JRの羽田アクセス線は、浜松町~東京貨物ターミナル間の貨物線を改良した上で、羽田空港や東海道本線、埼京線、りんかい線との間に新線を敷設するプランで、羽田空港から東京駅まで18分、新宿駅まで23分で結ぶとされている。
総工事費3200億円で、JRと東京都、国で三分の一ずつ負担と想定。開業は2020年代半ば、羽田新駅の利用者は年間2800万人、開業15年程度で投資を回収できると試算している。
東京都は羽田アクセス線を「優先的に建設されるべき路線」と評価した。羽田空港への時間短縮の便益を評価し、特に効果が期待できると判断したからだ。事業主体が明確なこと、都の費用負担が相対的に軽いことも判断材料となったのだろう。
羽田と成田、直結の意義は
この10年で、成田と羽田を取り巻く環境も変わった。
成田の国際線客は2693万人、羽田は1059万人(2014年)、と利用者の差は縮まってきている。とはいえ、成田の利用者が減ったわけではない。国内線や格安航空会社LCCの割合が増え、2015年には総旅客数3733万人と過去最大を記録している。
近年、成田アクセスで注目されているのは格安バスだ。京成高速バスやJRバスなどが東京駅~成田空港間を所要1時間程度(片道900~1000円)で頻発している。JRの「成田エクスプレス」(50分)より割安感はある。逆に鉄道輸送全体のシェアは落ち込んでいる。

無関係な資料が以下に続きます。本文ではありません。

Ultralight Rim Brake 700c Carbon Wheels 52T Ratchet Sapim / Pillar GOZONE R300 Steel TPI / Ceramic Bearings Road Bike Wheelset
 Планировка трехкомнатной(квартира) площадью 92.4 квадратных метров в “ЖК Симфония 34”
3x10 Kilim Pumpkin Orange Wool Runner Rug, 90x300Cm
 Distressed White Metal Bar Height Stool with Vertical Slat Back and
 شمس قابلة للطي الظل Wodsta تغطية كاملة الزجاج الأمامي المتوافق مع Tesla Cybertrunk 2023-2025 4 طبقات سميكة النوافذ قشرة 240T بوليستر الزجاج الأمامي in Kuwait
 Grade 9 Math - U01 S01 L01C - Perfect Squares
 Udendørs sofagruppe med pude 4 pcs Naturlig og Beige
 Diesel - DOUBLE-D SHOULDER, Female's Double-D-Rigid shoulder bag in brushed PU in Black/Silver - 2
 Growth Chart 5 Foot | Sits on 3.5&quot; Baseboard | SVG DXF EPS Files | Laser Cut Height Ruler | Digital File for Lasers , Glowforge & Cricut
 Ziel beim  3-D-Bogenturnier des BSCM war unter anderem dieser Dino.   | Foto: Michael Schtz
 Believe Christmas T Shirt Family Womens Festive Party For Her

成田と羽田を結ぶ需要はどうか。現在、リムジンバスが1日42本、1時間15分で結んでいる。都心直結線だと1時間弱になる。運賃が安ければ、便利になるのかもしれない。
ただ、成田の国内線、羽田の国際線の発着が増加し、それぞれで国際線と国内線を乗り継ぐ機会が増えている。そのような情勢下で、あえて羽田と成田を結ぶ鉄道を敷設する意義はなんなのか。両空港を移動する利用は増えるのか。東京駅の西側の「新東京駅」を拠点とする発想が本当に必要なのか。
京成電鉄が審議会のヒアリングで「確度の高い航空需要予測等が反映された実現性の高い予測を行うべき」と指摘したように、結論ありきで建設を推し進めるのではなく、丁寧な議論が必要だろう。
交通政策審議会の答申がどのように新線整備の優先度を示すのか。新たな整備スキームを示すことができるのか。その発表が待ち遠しい。